Five Lessons I’ve Learned From Black Women In Leadership

As a millennial black woman in a senior-level management position, I have always been enamored by black women who show up and own their spaces in any industry. There is such an inspiring feeling to step into a room and know that another black woman has been holding it down and waiting for your arrival. Don’t get it twisted, the responsibility is not immediately given because you are a black woman. These women who have paved the way know that it takes more than cute pumps to assume the position. It takes ability, grit, and grace to become a black woman in leadership and I’m here to share with you five lessons that I’ve learned from black women who have paved the way.
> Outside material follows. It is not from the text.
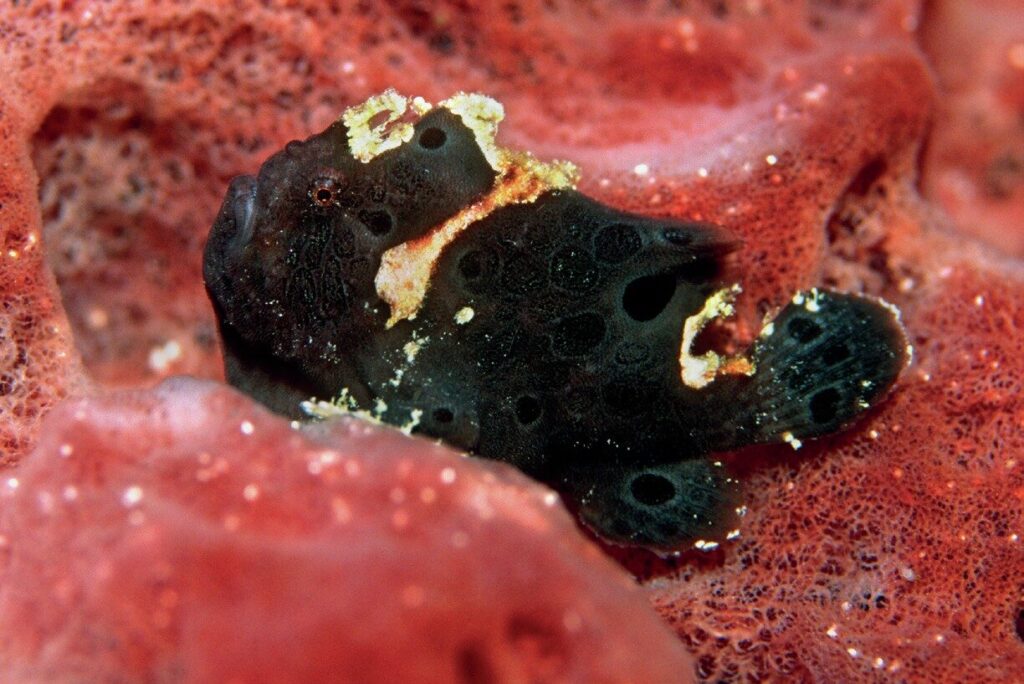 Shore Diving Cayman Brac: The Ultimate Guide to the Caribbean’s Best Dive Sites 9 Frog Fish resting in plain sight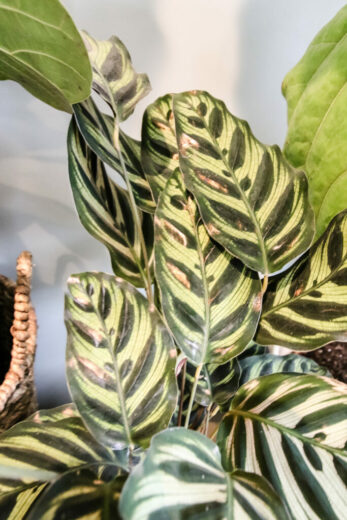 Why your Calathea leaves are curling and how to fix it! - keep your ...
I dedicate this article to ten amazing black women who have shaped my professionalism: Aaja Corinne Magee, Bonita Jordan Parker, Michele Taylor-Howard, Kris Christian, LeeAndra Khan, Dr. Rhea Bush, Sharon Eskridge, Dyanna Knight Lewis, Myetie Hamilton and Rev. Dr. Stacy Edwards-Dunn. From each of you I have learned the impeccable value of what it means to own the room, bring the table and above all know your worth. And to my mother and grandmother, your foundation is my standard. Each of you serves as a mentor and guide on my journey.


Lesson One: Be Authentic

This is my favorite lesson. The mastery of authenticity has landed me every position I’ve embarked on in the last six years. Where people fumble this bag is when they confuse authenticity with transparency. To be authentic doesn’t necessarily mean to be open. To be authentic is to simply be yourself. Oftentimes, it’s the authenticity that lands you the job, not your skillset. They could honestly hire anyone to fulfill the role, but what they can never find is a YOU. By owning your authenticity, it means believing that you have the capability and capacity to deliver by just being you!
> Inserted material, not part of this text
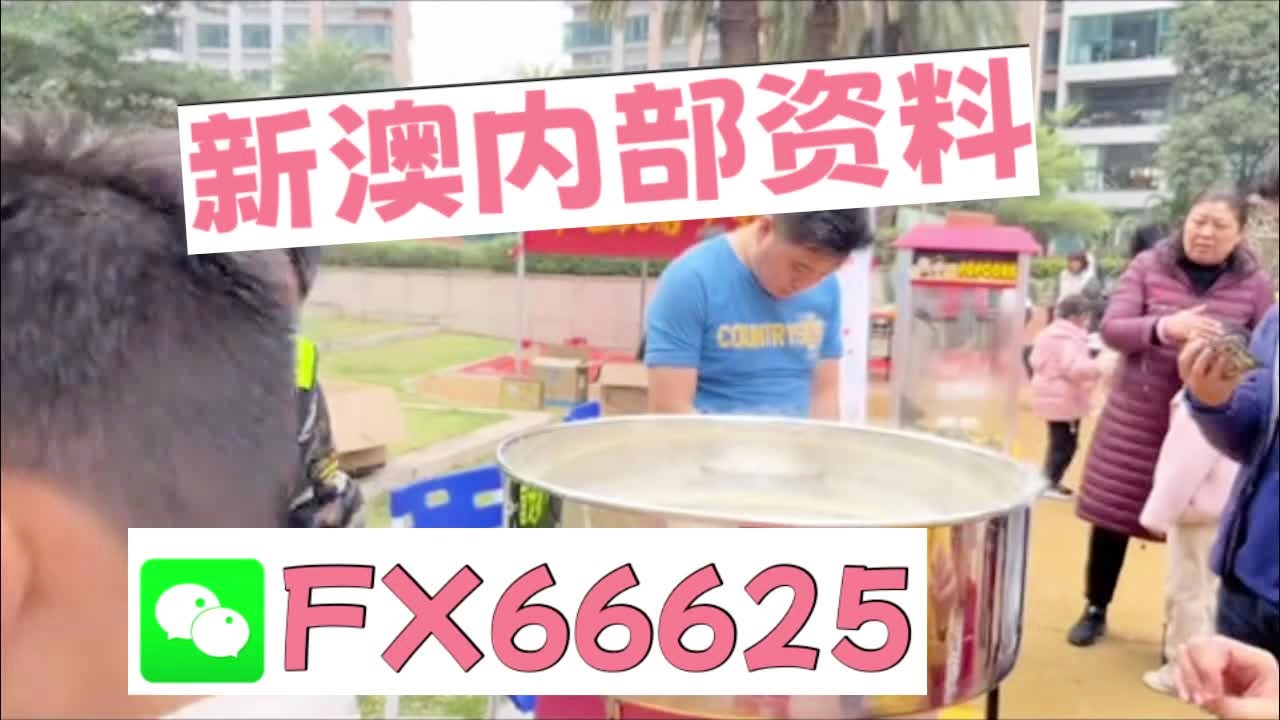 新奧2025正版資料大全，全面解析與深度探索，新奧2025正版資料大全，全面解析與深度探索揭秘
Lesson Two: Own Your Skill Set

To take ownership of something means to take charge. With ownership comes power, but power isn’t to be confused with dictatorship. In many cases, when black women step into leadership roles they are pre-judged and have to work twice as hard for respect and overdeliver for results. Can black women really show up as themselves in the workplace? Is there room for authenticity? Yes, when you know you belong in that space. As a black woman in leadership, belonging also means that you are making space for the emerging black woman coming after you.

When I walk into a space or apply for positions that are meant to grow me, I often ask myself the following: How well do I do what I do? Do I market myself well through my work and online presence? Does my network validate my skill set? Owning my skill set means holding mastery in my ability and adding a hint of razzle dazzle (because that’s what makes me, me).


Lesson Three: Dress How You Want To Be Addressed

Honestly, I’m still learning this one. I have learned through observation that a well dressed woman demands respect. A respect that opens the door to conversations, partnerships and tables. When it comes to leadership, your attire speaks before you open your mouth.

I didn’t always understand the value of attire in the workplace because my focus was always tied to doing the work. It wasn’t until recently that I realized how much the two walk together. A well dressed black woman is expressive, creative, and imaginative enough to add sauce and swag to her wardrobe. A well dressed black woman in leadership sets the tone and standard and I love that for us!


Lesson Four: Your Gift Can Impact The World

To quote my favorite poem by Useni Eugene Perkins, “Hey black child, do you know who you are? Who you really are?” When we were formed, each of us were gifted with special talents and abilities. Success comes from knowing how to operate in our gifts. That makes all the difference.

What good are you to this world if you aren’t operating to your full ability? When you realize the significance of what being a black woman in leadership means, you speak with clarity and purpose. You seek to provide opportunity through your impact. You seek to inform those who are unqualified to speak on the issues that affect your daily work as a woman of color. Most importantly, you seek out ways to ensure that your legacy is one of purpose and influence.

Being influential is the ultimate power play. Being influential means your voice is invaluable. Being influential is found in the moments of validation where instead of tearing down she chooses to build.


Lesson Five: Deliver

Be impeccable. Do quality work. Show Up. Be accountable for yourself and the tasks you are given. In my opinion, delivery is the most important lesson. Delivery is synonymous with results. Your presentation may get you in the room but the results keep you in the room.

For those of us that work tirelessly to land in power positions, it is the ability to deliver that sustains. Do not under-estimate delivery. That is your secret sauce toward the leadership you ultimately desire to attain. You’ve got this, sis!

In conclusion, I hope these five lessons I’ve learned from black women in leadership inspire you on your journey to the top. Above all, my hope is that you understand that your presence is not only needed but necessary.

That being said, I encourage us all to be impactful, courageous and light. The workplace needs it and so does the next generation of emerging black women in leadership!